The costs involved in bringing the 1957 Aston Martin DB2/4 MkII Sports Saloon and the 1950 Lagonda 2.6-litre Drophead Coupe, both found in British barns, will be staggering.
But then again, a no-expense-spared restoration could ultimately prove a winner at auction.
That’s where these two corroded gems are destined in their current state; they’re going under the hammer at a Bonhams classic car auction this week.
Given the bashed panels and wood rot, the auction estimates alone are daunting; the Aston Martin is expected to fetch between $95,000 and $130,000.
The Lagonda could be wheeled on to an awaiting flatbed for as “little” as $30,000, although its rarity (few drophead coupes were made) will make it especially pricey to bring back to life.
What makes the Aston Martin so exclusive is its colourful history, which — despite having sat in a barn for decades — remains well-known.
1957 Aston Martin DB2/4 MkII Sports Saloon found in a barn and going up for auction. Photo / Supplied
It was purchased by a Viscount Downe of Wykeham Abbey and later fell into the bear claws of celebrity British boxer Freddie Mills, before continual engine issues forced it off the road.
Early Astons go for moonbeams at auction, but then that’s also what will be required to get it back to near-original condition. Experts in these matters suggest a $250,000 budget will be needed.
Less pretty, the Lagonda is still interesting. The drophead coupe hails from a time when Lagonda was a standalone firm, rather than a sometimes-useful nameplate acquired by Aston Martin.
It’s a bit of a Frankenbanger, with a replacement engine — a 2.6-litre Vantage engine from an Aston Martin DB2/4 — an Aston DB5 heater and choke assembly and additional headlights.
Must have had to drive through a few pea-soupers in its day. It has been in storage (and not very good storage by the looks of it) for 35 years.
Again, classic car experts suggest your restoration budget should feature six figures and start with a 2. But if you’ve got the time ...
In Dubai, good drivers win cars
After you... no, no, I insist, you first. Photo / Supplied
Perhaps this is an idea the police and the NZ Transport Agency could get behind.
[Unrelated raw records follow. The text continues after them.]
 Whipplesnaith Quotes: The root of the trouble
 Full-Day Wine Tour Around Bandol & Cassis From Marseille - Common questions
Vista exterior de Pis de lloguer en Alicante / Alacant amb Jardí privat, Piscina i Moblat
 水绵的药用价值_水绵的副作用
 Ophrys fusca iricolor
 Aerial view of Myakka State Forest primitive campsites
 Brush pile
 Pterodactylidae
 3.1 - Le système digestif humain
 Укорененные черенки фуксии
In Dubai, motorists who do not commit any traffic violations for a year go into the draw to win new cars.
The lottery is called the white-points system and the latest two winners — selected from a pool of 2000 eligible drivers — received their cars (a pair of Hyundais) last week.
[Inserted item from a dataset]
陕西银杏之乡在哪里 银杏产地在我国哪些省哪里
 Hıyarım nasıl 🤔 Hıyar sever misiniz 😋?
The 2000 eligible drivers were made up of 1344 men and 656 women. To be in to win, the driver needs to have a registered driver’s licence (well, duh!) and have a vehicle registered in their name.
In essence, it seems like a good idea. Although the fact the lottery exists does raise a few questions.
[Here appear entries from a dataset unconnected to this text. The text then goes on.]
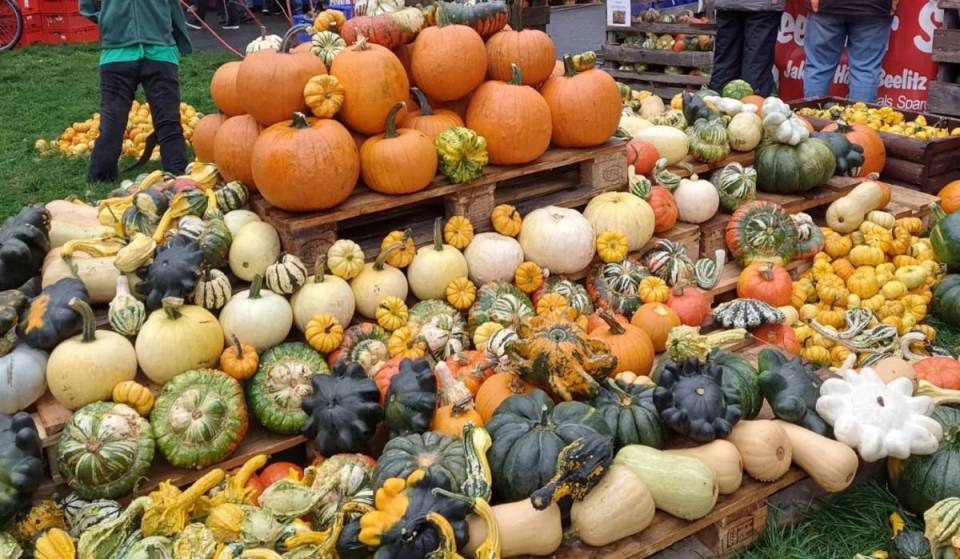 In 8 days, one of Berlin’s biggest pumpkin festivals will take place, featuring more than 10,000 pumpkins and a large market with over 100 vendors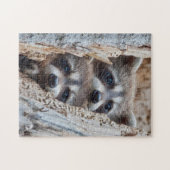 Wyoming, Lincoln County, Raccoon Legpuzzel (Horizontaal)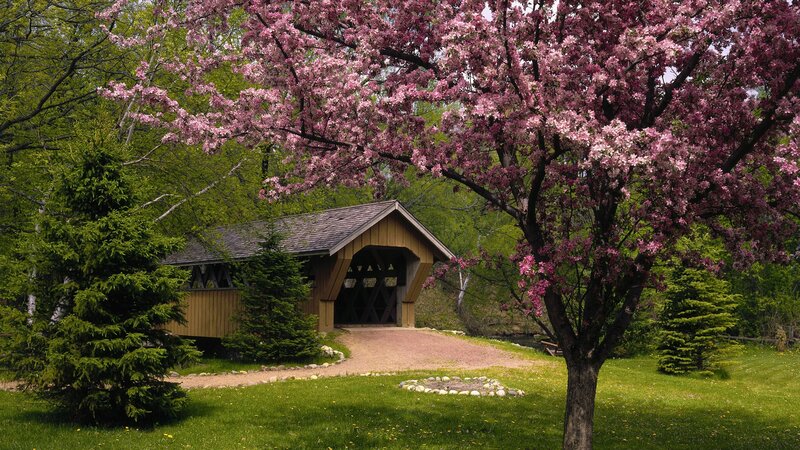 Covered bridge with blooming tree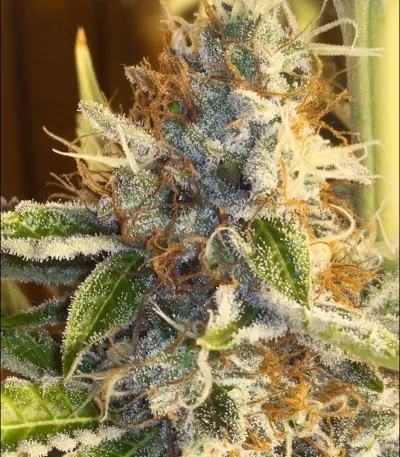 Orange Sorbet (Karma Genetics) Cannabis-Samen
We can’t help but wonder how bad on average the driving in Dubai must be. Could the authorities find only 2000 “good” drivers, or is that simply the cap they put on the competition?
Also, a commuter needs to behave only for 12 months? That doesn’t seem like too tough a stretch, but perhaps in Dubai it’s a miracle anyone doesn’t get caught drifting through intersections in their McLaren 720s … or maybe we’ve just been watching too much YouTube.
How to Pininfarina your ears
Pininfarina headphones. Photo / Supplied
Ever noticed how sportspeople are rarely seen without a big pair of headphones?
There are probably massive endorsement deals behind the accessorising, but it’s interesting how music is essentially a psychological pre-game/race tool.
Or maybe they’re listening to the talking-book version of Great Railway Journeys of South America ...
But for any motorsports competitor, surely a pair of Pininfarina headphones should be part of the uniform? We came across the LZR 980 headphones while we were supposed to be working, and fell in love immediately.
They are a co-design project with the German audio boffins at Magnat, who got the Italian design house to pen these range-toppers.
There is a lot of waffle about how the polygonal shape for the earpiece cups redefine comfort and that the organic surfaces are punctuated with a ridge reminiscent of automotive styling and detail. But really, they just look superb.
Why they’re not hanging on the heads of every F1 driver this season, we’re unsure.